Solution: It seems that letting people know about the negative effects of defecation solves the problem. "'We put barely a speck of human waste [from the ground on the outskirts of the village] in a cup of water and ask assembled villagers who would care to drink it - no takers, of course,' Souleymane Atawaten, water and sanitation coordinator with Plan Niger, told IRIN. He and his colleagues demonstrated how flies swarm around human waste and food. 'People quickly realize the danger - the link between their waste and illness.'" One way to stop people from going to the bathroom just anywhere is to simply let them know what it does. They just need the information, and then they understand what defecating anywhere really does. I think that physically showing them is a really good approach to help them see the consequences. People just need to be shown. "But practices that contribute to this can change, Bevan told IRIN. 'Once people get [that they are regularly coming into contact with excrement], it’s transformative. The disgust over essentially eating one another’s faeces is universal. Very quickly the people agree they do not want to be doing so… and they see that they all have a responsibility.'" People in Niger simply did not know that going to the bathroom wherever was not a good thing. After people showed them what it does they did not do it anymore. "Beyond that, social taboos dictate that it is disrespectful to use the same latrine as one’s mother-in-law, say, or in the proximity of family members, according to Plan’s Atawaten.

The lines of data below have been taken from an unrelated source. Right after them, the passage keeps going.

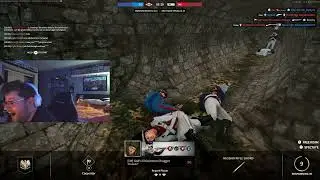 Funny moment Hold Fast Nations At War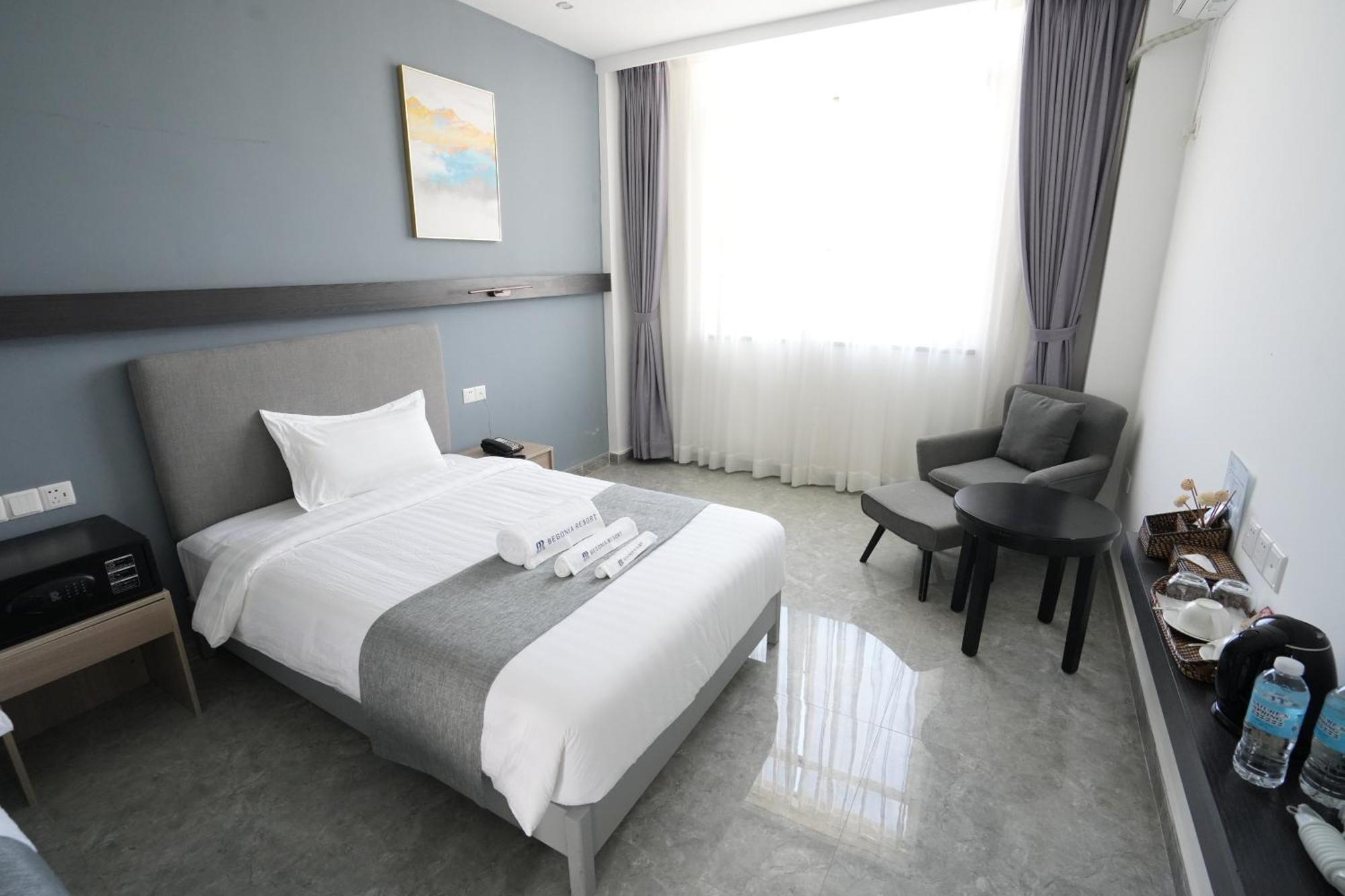 Bohol Panglao Begonia Resort Zewnętrze zdjęcie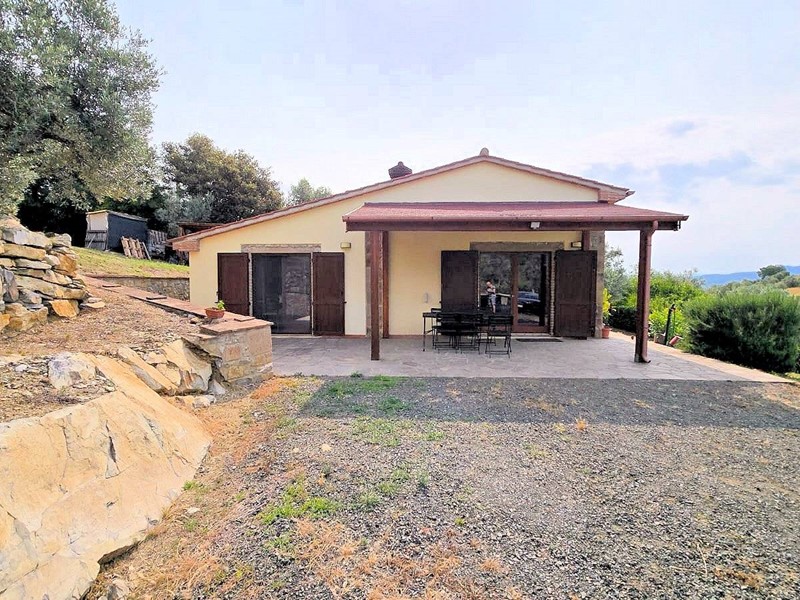 Rustico in Vendita a Roccastrada, 320'000€, 110 m²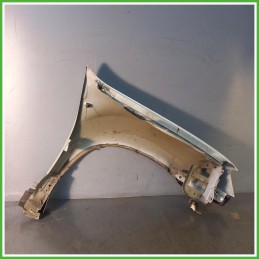 Parafango Anteriore Sinistro SX Dacia Duster 1 Serie Suv 5 Porte(4x4) 2010-2013 Bianco Originale Usato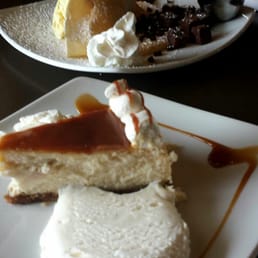 Salted Caramel Cheesecake
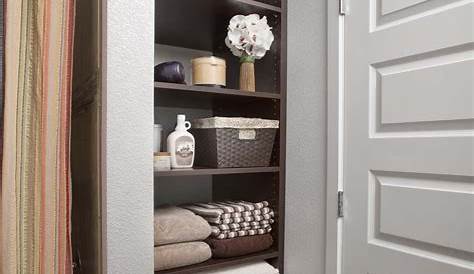 37 Small Bathroom Closet Design Ideas For Small Spaces (With images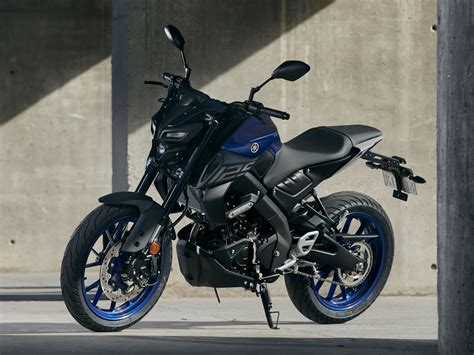 YAMAHA MT-125 (2020-on) Review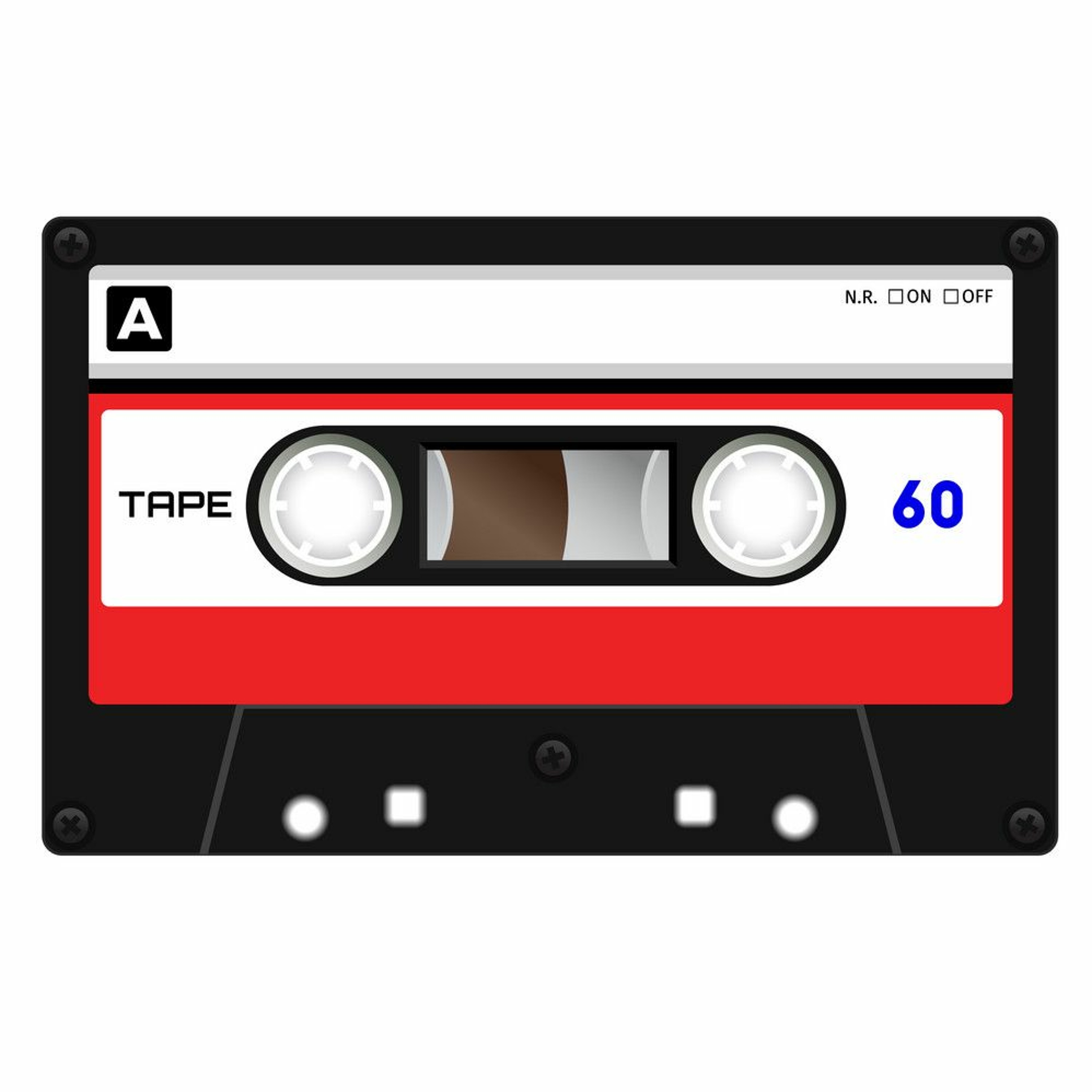 Breakbeat Tape // 2 episode artwork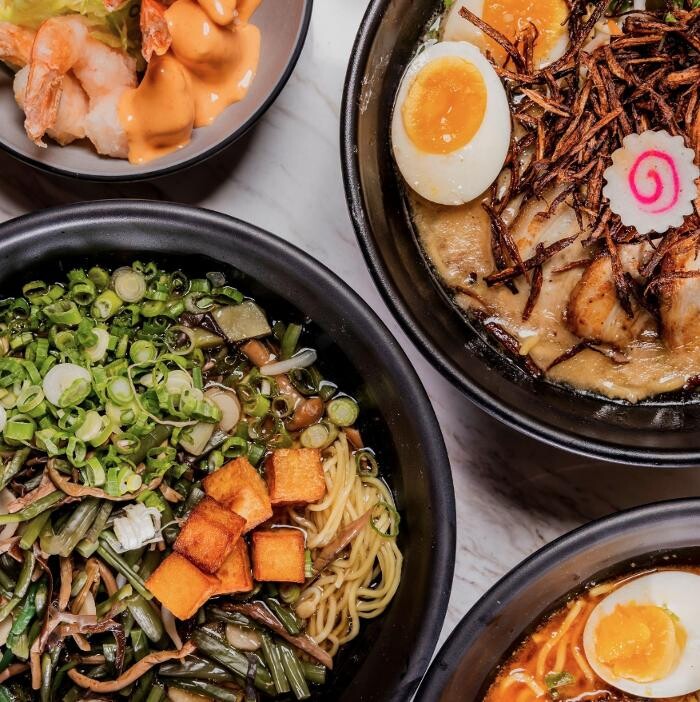 Images Shimuja Ramen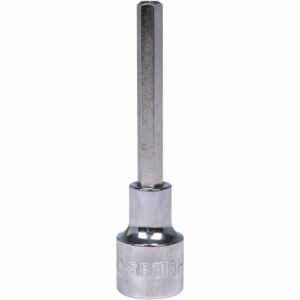 Soquete com Bit Hexagonal Longo 100X8Mm ½” St25205Sc Sata (Entregue por Ferramentas Kennedy)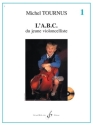 L'ABC du jeune violoncelliste vol.1 (+CD)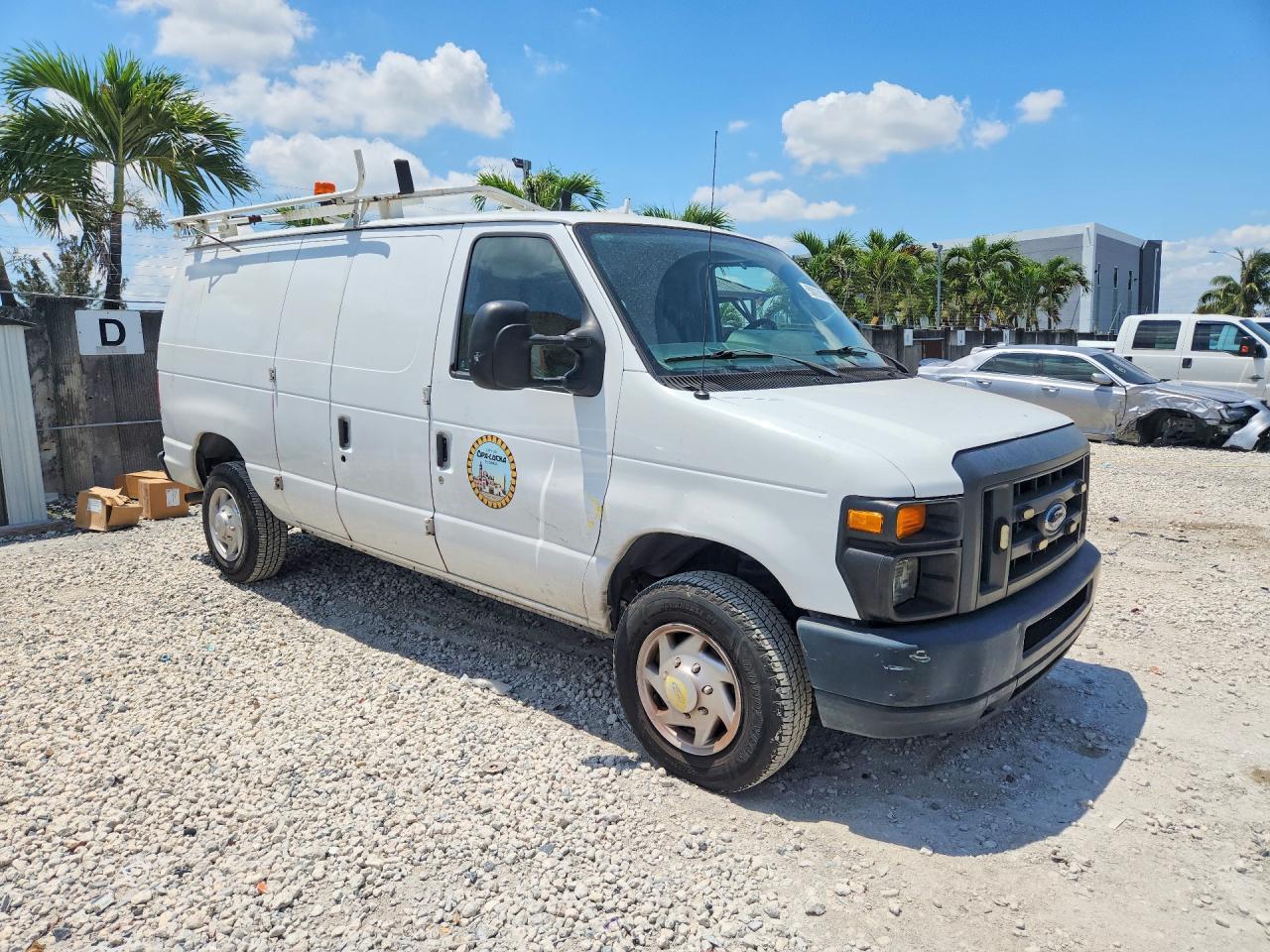 FORD ECONOLINE 2013 — 5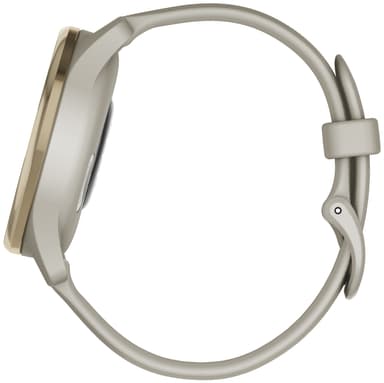Garmin Vivomove Trend hybridur (gray/gold)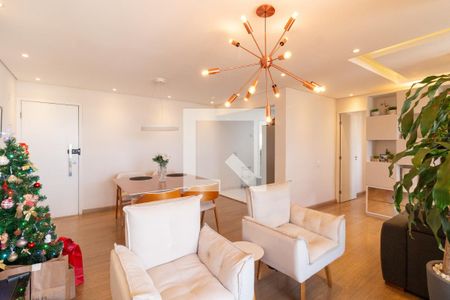 Sala de apartamento para alugar com 2 quartos, 82m² em Jaguaré, São Paulo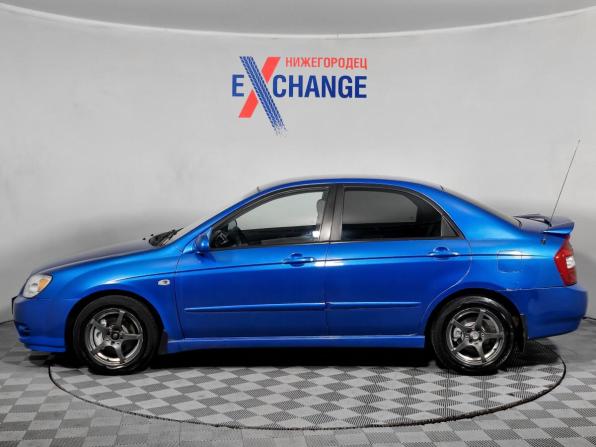 Kia Cerato I с пробегом 2006 года, цена 249 000 рублей, 222956 км, седан, Автокод Объявления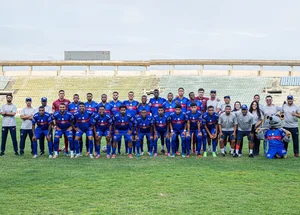 Time do Piauí na temporada 2026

'This is where we must address the cultural side of things,' he said. 'There are ways around these taboos; some families build more than one latrine, but usually what happens is a pattern will emerge - families will do a sort of ‘planning’ around who uses the latrine when.'" With these solutions, the Nigerien people could still hold to their beliefs, and be clean and safe from the bad effects of going the the bathroom anywhere. By having multiple bathrooms or a type of schedule of when to use one bathroom, people are being more safe and clean, while keeping their traditions. All it took to solve this problem was to let people know how the way they went to the bathroom affected them getting sick. It goes to show that people just need to be given knowledge that they might not have had, and that makes a big difference. I really like the solution this website talked about. It was simple, yet powerful.